February 27, 2012 by markstani
Spanning three decades in the life of Mumbai’s notorious Shuklaji Street, where five-rupee prostitutes cower in cages by ‘roads mined with garbage, with human and animal debris, and the poor, everywhere the poor and the deranged stumbled in their rags or stood and stared’, it’s a fair guess that Jeet Thayil’s Narcopolis (pub. Faber) is unlikely to nudge its way onto Oprah’s summer reading list any time soon.
In it, Thayil, a poet and reportedly a former addict himself, chronicles the slow demise of the city’s opium dens in such a sure-footed way he makes it almost nostalgic: by the end of the book, the old dens with their mysterious pipewallahs and undeniable air of serenity are all but gone, replaced by the influx of low-grade heroin or ‘garad’ – ‘unrefined shit they throw away when they make good-quality maal for junkies in rich countries.’
It is no spoiler to say that Thayil’s fractured cast do not anticipate happy endings. They include a famous artist, a eunuch prostitute and a failed businessman who frequent a den owned by a man called Rashid: a den so legendary it attracts so-called ‘opium tourists’ from Europe who come to ‘sit around for hours, drinking tea and taking pictures, collecting souvenirs to show off back home.’
It is easy to imagine that only someone who has partaken in the drug could summon such vivid, believable descriptions of its dream-like effects; that only a poet could impart those hallucinations to paper.

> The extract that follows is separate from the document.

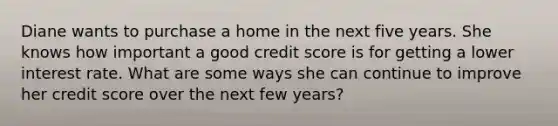 Diane wants to purchase a home in the next five years. She knows how important a good credit score is for getting a lower interest rate. What are some ways she can continue to improve her credit score over the next few years?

Thayil’s characters – with the exception of Dimple, the eunuch prostitute in question, for whom it is impossible not to feel at least some degree of sympathy – are largely transients within the author’s broader narrative of the demise of opium in the face of quicker, sharper, ever more dangerous alternatives. Towards the end, with Rashid’s den long since bricked up, his grown-up son sells cocaine in modern nightclubs with glass elevators and cylindrical light fittings – ‘new drugs for the new Bombay’.

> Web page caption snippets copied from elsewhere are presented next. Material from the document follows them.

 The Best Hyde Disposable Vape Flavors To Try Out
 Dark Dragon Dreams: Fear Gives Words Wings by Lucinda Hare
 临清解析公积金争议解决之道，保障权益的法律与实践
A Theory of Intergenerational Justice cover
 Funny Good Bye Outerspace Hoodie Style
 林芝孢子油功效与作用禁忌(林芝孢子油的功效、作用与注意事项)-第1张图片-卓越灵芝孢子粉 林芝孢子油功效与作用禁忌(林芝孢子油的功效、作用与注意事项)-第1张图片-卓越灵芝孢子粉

By then, we have been led through approaching thirty years of unimaginable squalor, floods and religious riots, all of which exhibit humanity in its most helpless, hopeless, half-conscious state. We have sojourned in China, from where we have followed the path of the famous pipes all the way to Shuklaji Street in the hands of an escaped Red Army conscript.

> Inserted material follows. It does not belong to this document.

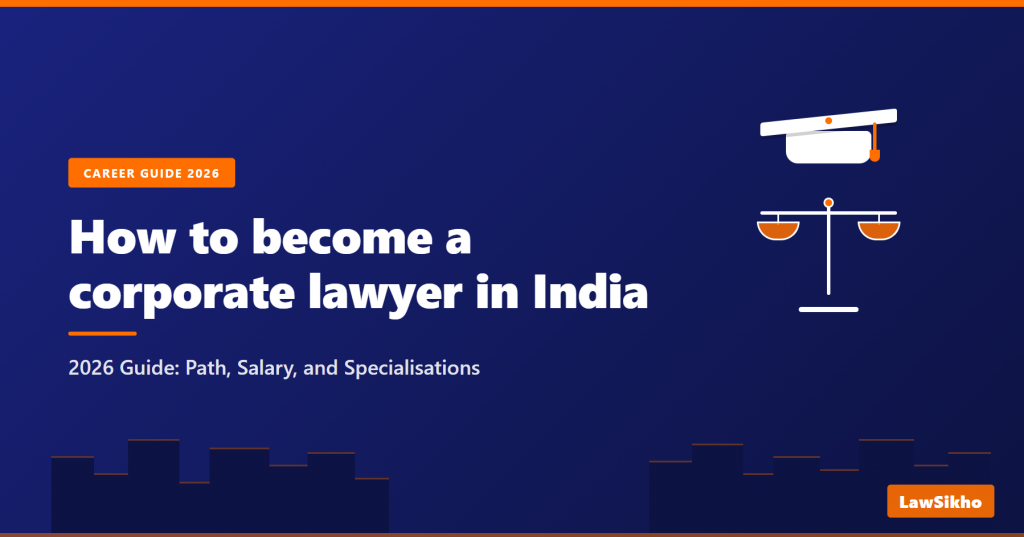 How to Become a Corporate Lawyer in India: 2026 Guide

If, along the way, some of Thayil’s philosophical references border on the unfathomable, you get the impression that is almost the point: this is a book that is all the better for its unfathomability, above all of why it should work, why it should have you tearing through its pages and ultimately leave you craving more. Then again, perhaps it’s hardly surprising that a book about opium should turn out to be so utterly, compellingly addictive.